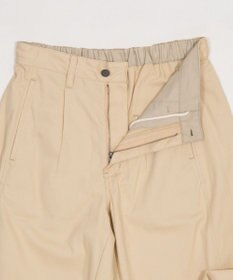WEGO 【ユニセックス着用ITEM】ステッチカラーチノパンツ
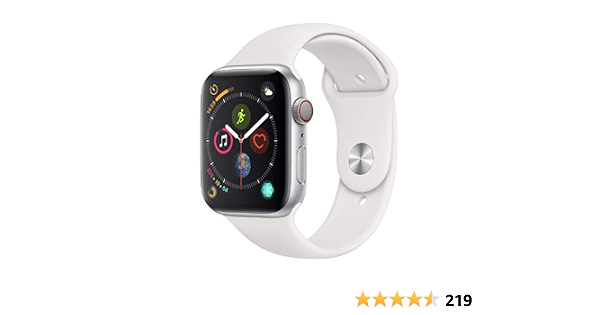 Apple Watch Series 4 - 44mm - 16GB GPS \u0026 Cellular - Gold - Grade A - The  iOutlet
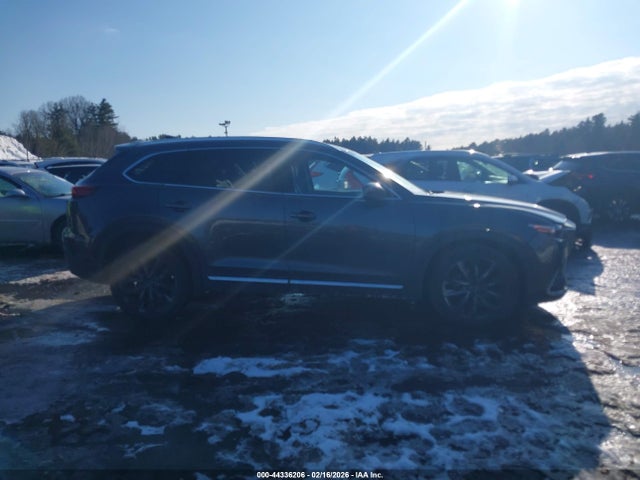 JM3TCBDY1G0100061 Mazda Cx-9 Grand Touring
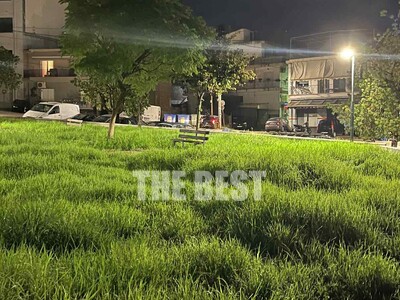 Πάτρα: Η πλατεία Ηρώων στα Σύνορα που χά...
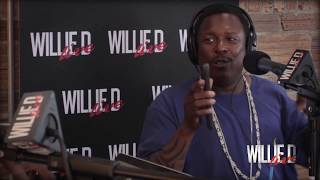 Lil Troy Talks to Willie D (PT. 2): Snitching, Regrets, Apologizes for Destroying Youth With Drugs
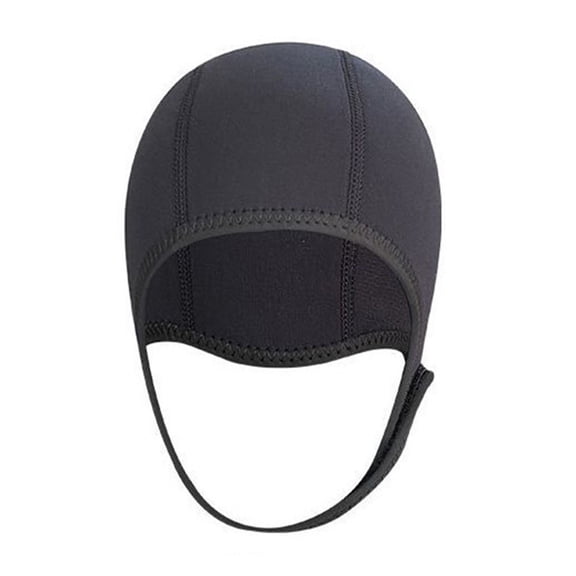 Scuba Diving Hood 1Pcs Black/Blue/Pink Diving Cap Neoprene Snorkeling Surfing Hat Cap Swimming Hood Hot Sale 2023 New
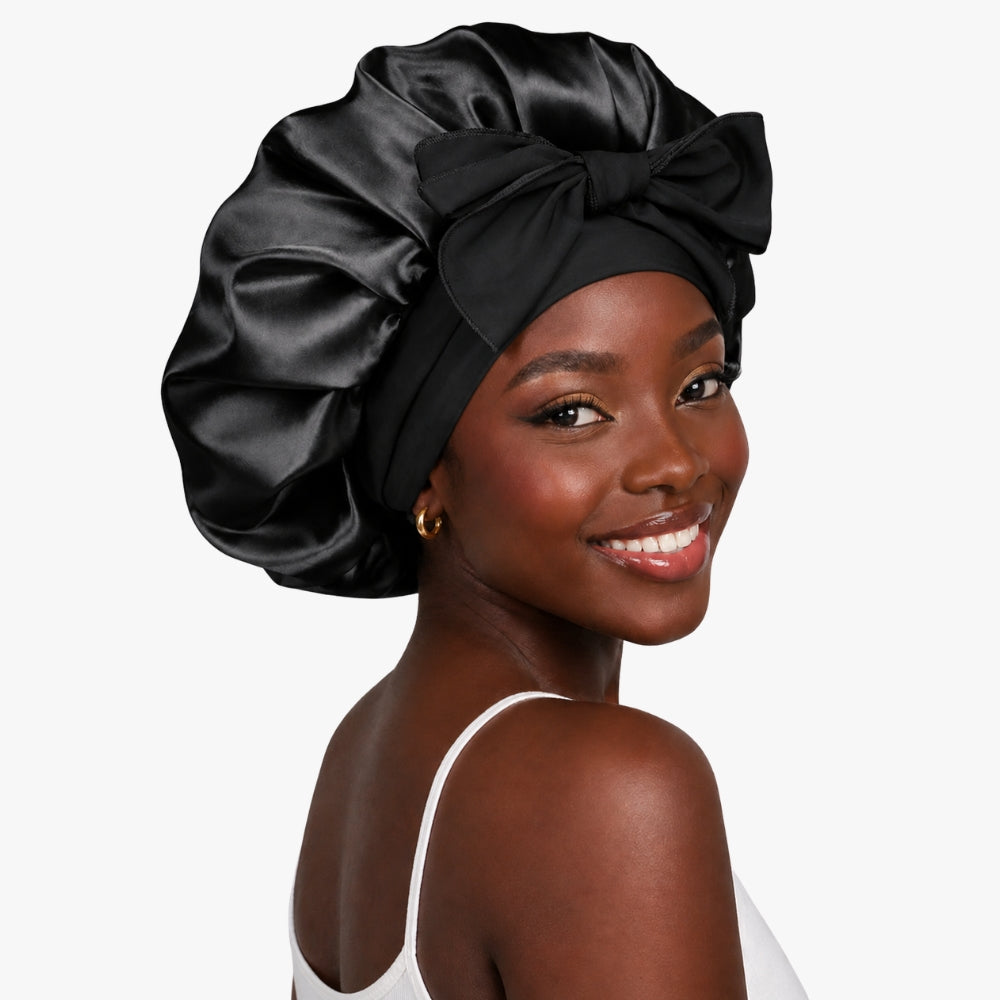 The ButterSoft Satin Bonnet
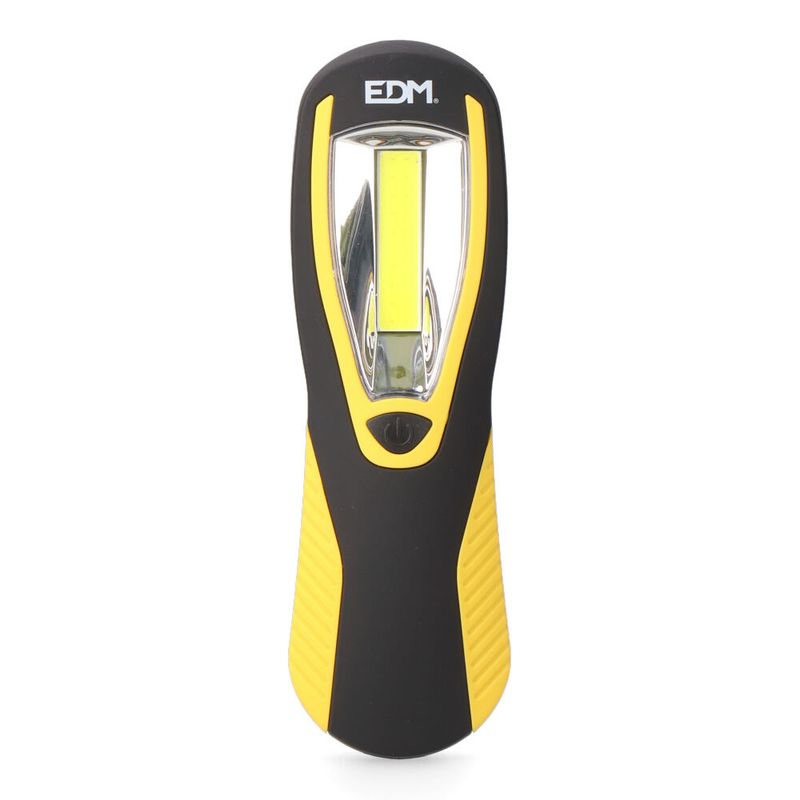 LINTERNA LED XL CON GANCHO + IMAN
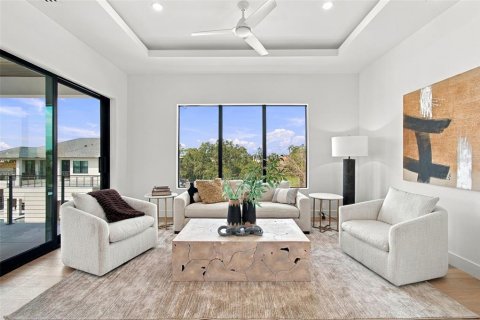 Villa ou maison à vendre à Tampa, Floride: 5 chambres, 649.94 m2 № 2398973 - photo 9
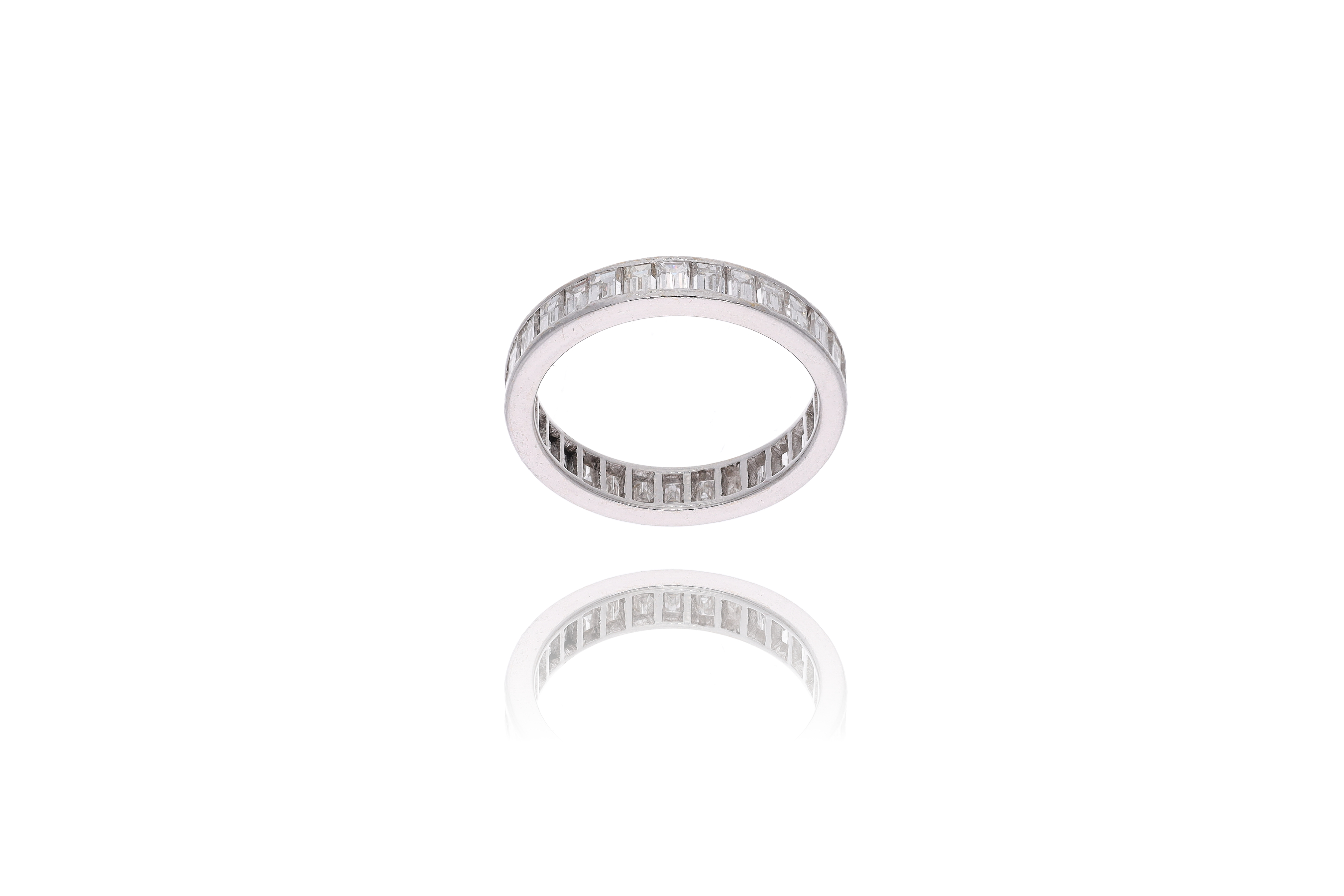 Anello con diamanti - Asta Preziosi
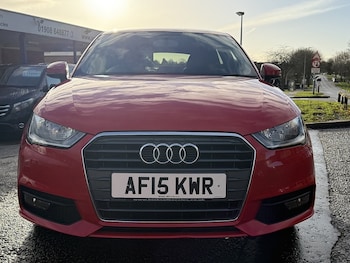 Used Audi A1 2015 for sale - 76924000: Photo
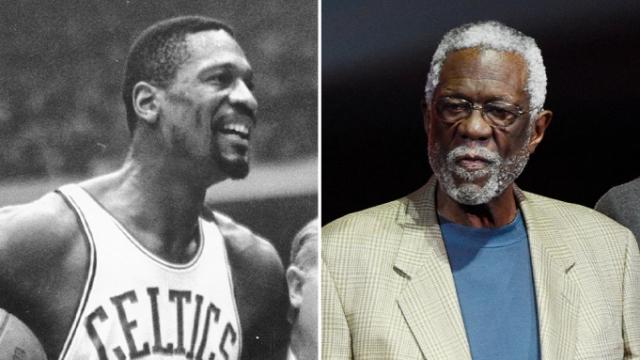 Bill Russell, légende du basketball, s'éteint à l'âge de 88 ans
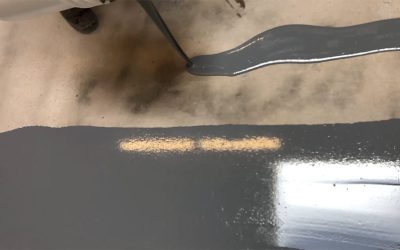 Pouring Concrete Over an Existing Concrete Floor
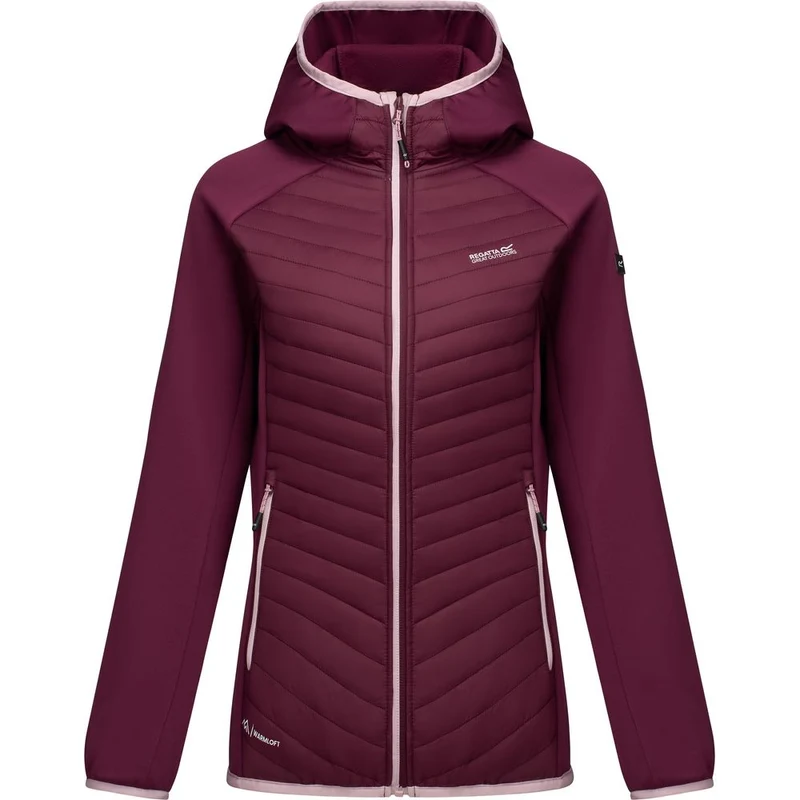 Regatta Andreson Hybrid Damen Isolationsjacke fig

☆ ☆ ☆ ☆ ☆

- **WHAT THE EXERCISE ASKS**
An unchanged copy of the data, images excluded, is all that should be given.

- **OUTPUT OF THE EXERCISE**
WEGO 【ユニセックス着用ITEM】ステッチカラーチノパンツ
 Apple Watch Series 4 - 44mm - 16GB GPS \u0026 Cellular - Gold - Grade A - The  iOutlet
 JM3TCBDY1G0100061 Mazda Cx-9 Grand Touring
 Πάτρα: Η πλατεία Ηρώων στα Σύνορα που χά...
 Lil Troy Talks to Willie D (PT. 2): Snitching, Regrets, Apologizes for Destroying Youth With Drugs
 Scuba Diving Hood 1Pcs Black/Blue/Pink Diving Cap Neoprene Snorkeling Surfing Hat Cap Swimming Hood Hot Sale 2023 New
 The ButterSoft Satin Bonnet
 LINTERNA LED XL CON GANCHO + IMAN
 Villa ou maison à vendre à Tampa, Floride: 5 chambres, 649.94 m2 № 2398973 - photo 9
 Anello con diamanti - Asta Preziosi
 Used Audi A1 2015 for sale - 76924000: Photo
 Bill Russell, légende du basketball, s'éteint à l'âge de 88 ans
 Pouring Concrete Over an Existing Concrete Floor
 Regatta Andreson Hybrid Damen Isolationsjacke fig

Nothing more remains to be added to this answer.